* _EXERCISE MATERIALS_:
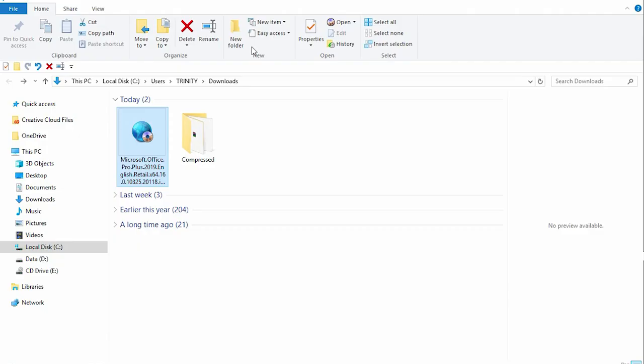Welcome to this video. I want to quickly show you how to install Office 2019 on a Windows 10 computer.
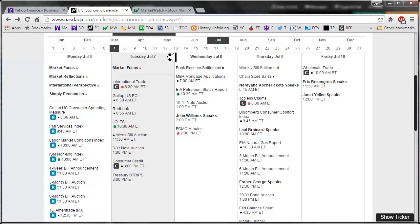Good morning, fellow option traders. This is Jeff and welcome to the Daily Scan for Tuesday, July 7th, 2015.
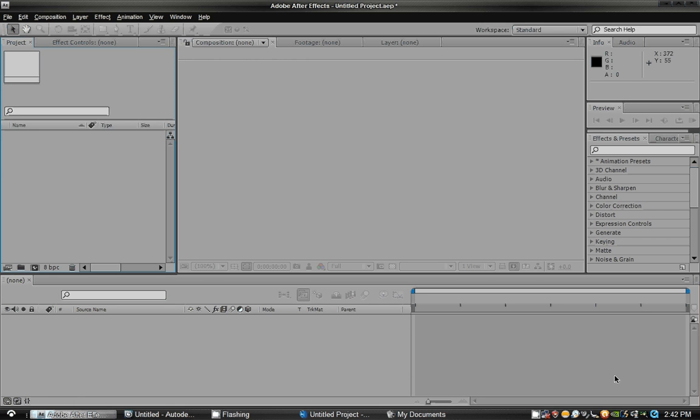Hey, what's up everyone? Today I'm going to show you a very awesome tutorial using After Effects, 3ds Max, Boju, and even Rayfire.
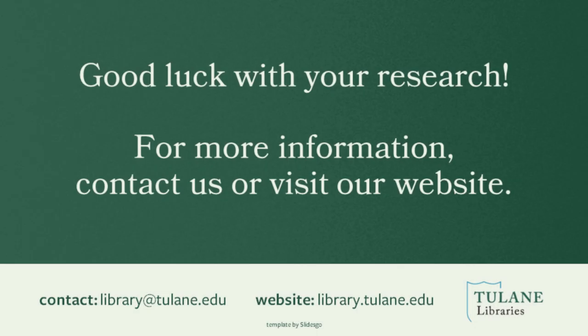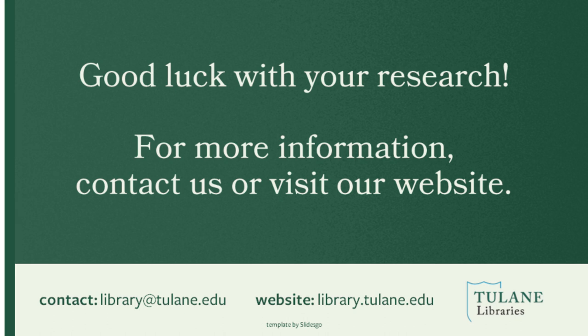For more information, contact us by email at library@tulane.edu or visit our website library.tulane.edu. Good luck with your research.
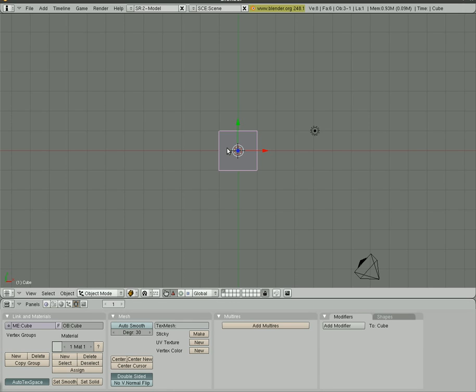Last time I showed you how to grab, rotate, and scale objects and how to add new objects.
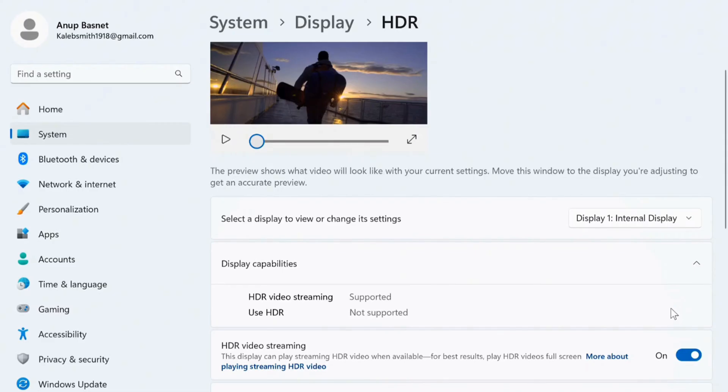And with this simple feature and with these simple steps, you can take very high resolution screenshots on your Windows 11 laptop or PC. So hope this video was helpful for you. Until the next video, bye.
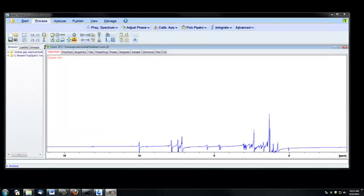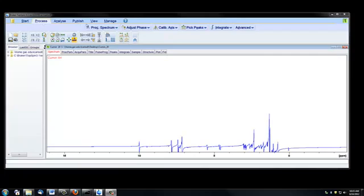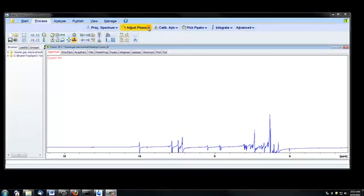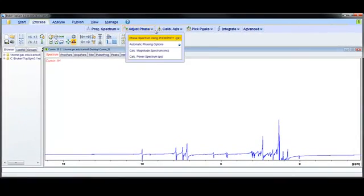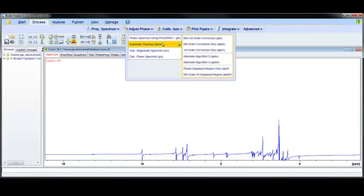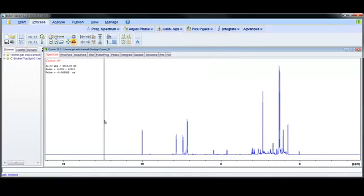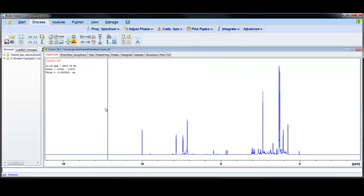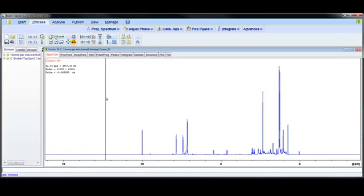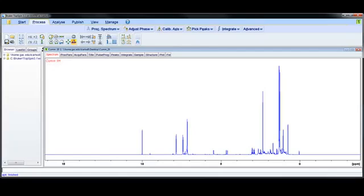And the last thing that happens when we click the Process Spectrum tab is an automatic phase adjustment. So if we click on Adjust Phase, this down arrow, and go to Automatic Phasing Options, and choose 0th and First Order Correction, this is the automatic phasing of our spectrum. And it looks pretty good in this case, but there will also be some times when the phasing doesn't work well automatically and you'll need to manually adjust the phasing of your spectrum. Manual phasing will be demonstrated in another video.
---
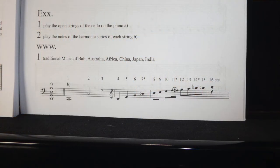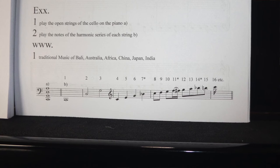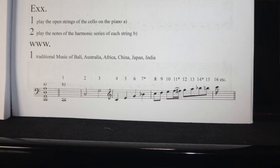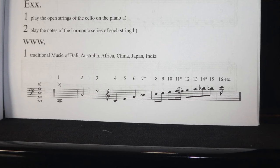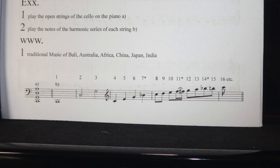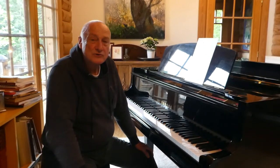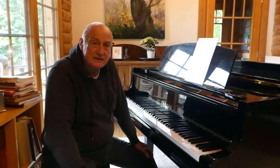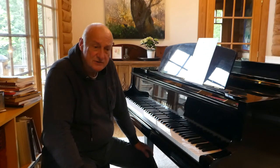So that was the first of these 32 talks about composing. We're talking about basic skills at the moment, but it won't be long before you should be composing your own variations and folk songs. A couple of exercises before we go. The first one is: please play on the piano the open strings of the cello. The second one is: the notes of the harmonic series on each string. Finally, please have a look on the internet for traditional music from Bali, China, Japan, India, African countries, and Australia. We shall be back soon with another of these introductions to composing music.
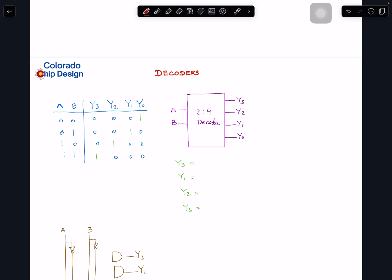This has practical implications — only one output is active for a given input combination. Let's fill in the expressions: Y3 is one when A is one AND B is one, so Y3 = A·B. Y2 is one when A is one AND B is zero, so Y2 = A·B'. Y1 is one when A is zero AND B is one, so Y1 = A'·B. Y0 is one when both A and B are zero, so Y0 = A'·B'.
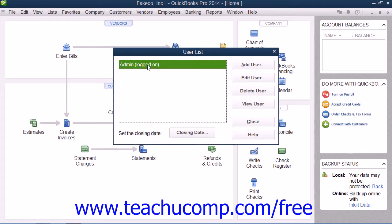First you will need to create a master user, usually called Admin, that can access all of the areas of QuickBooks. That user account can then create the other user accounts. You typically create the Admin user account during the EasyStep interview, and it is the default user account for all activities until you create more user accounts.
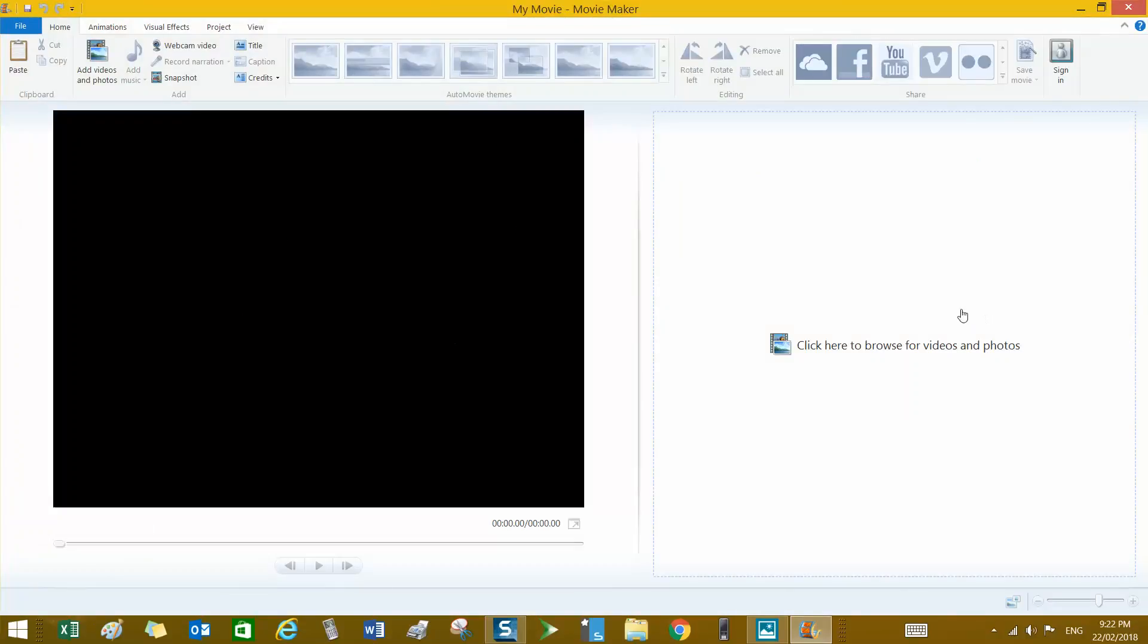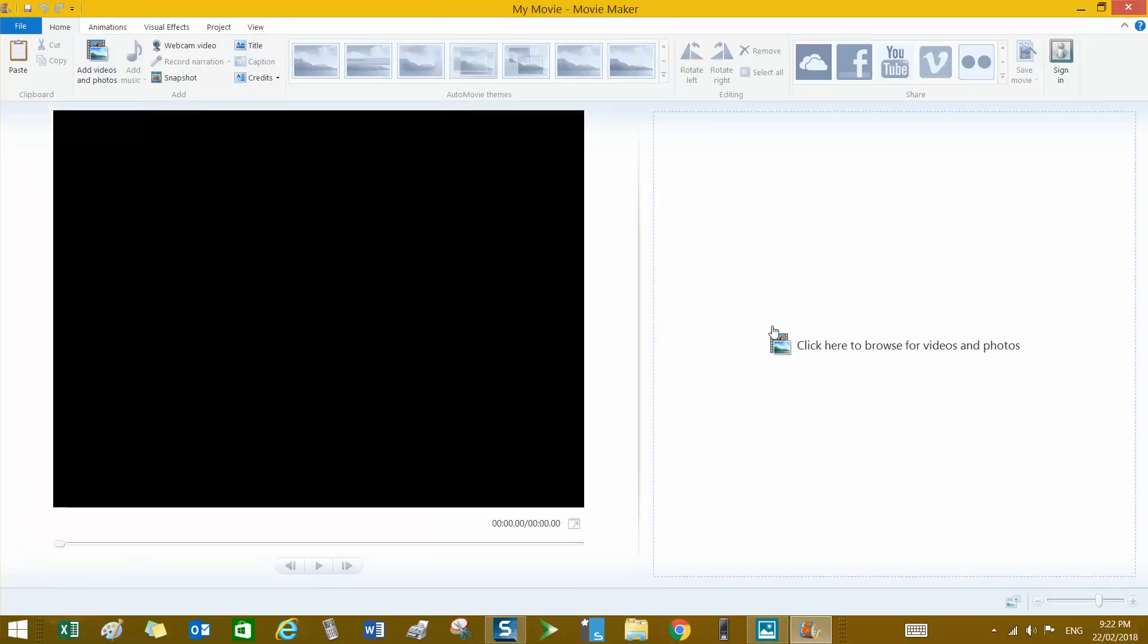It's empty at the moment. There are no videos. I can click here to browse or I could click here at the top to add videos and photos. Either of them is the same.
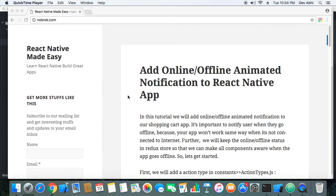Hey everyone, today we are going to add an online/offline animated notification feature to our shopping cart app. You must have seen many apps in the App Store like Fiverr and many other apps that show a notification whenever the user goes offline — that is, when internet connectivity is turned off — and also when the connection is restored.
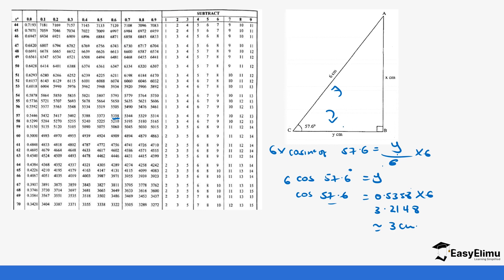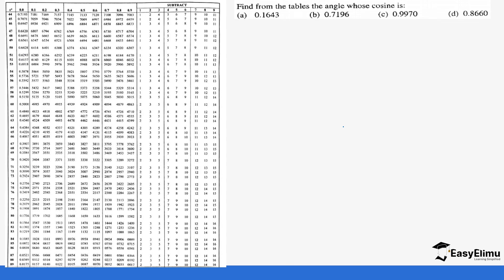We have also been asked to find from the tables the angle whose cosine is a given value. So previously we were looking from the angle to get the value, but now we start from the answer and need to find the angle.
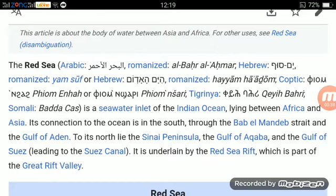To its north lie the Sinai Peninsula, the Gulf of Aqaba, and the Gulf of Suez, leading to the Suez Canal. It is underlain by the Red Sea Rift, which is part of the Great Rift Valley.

* _HOW TO COMPLETE THIS TASK_: What you return from the records above should be exactly everything from the line with "We have also" down to the line with "To its north", both kept, and no pictures.

* _RESPONSE TO THE EXERCISE_:
We have also been asked to find from the tables the angle whose cosine is a given value. So previously we were looking from the angle to get the value, but now we start from the answer and need to find the angle.
To its north lie the Sinai Peninsula, the Gulf of Aqaba, and the Gulf of Suez, leading to the Suez Canal. It is underlain by the Red Sea Rift, which is part of the Great Rift Valley.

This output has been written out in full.